+++ RECORDED DATA

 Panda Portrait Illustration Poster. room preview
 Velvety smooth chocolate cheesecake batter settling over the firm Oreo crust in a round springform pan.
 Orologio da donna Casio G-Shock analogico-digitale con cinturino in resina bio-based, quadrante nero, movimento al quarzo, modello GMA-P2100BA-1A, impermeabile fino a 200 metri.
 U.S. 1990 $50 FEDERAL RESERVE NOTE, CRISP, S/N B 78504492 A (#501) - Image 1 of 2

++++++

A verbatim copy of the listing above, starting from the line with "Orologio da donna" and running to its last line, is the only output needed.

● RESPONSE BELOW
 Orologio da donna Casio G-Shock analogico-digitale con cinturino in resina bio-based, quadrante nero, movimento al quarzo, modello GMA-P2100BA-1A, impermeabile fino a 200 metri.
 U.S. 1990 $50 FEDERAL RESERVE NOTE, CRISP, S/N B 78504492 A (#501) - Image 1 of 2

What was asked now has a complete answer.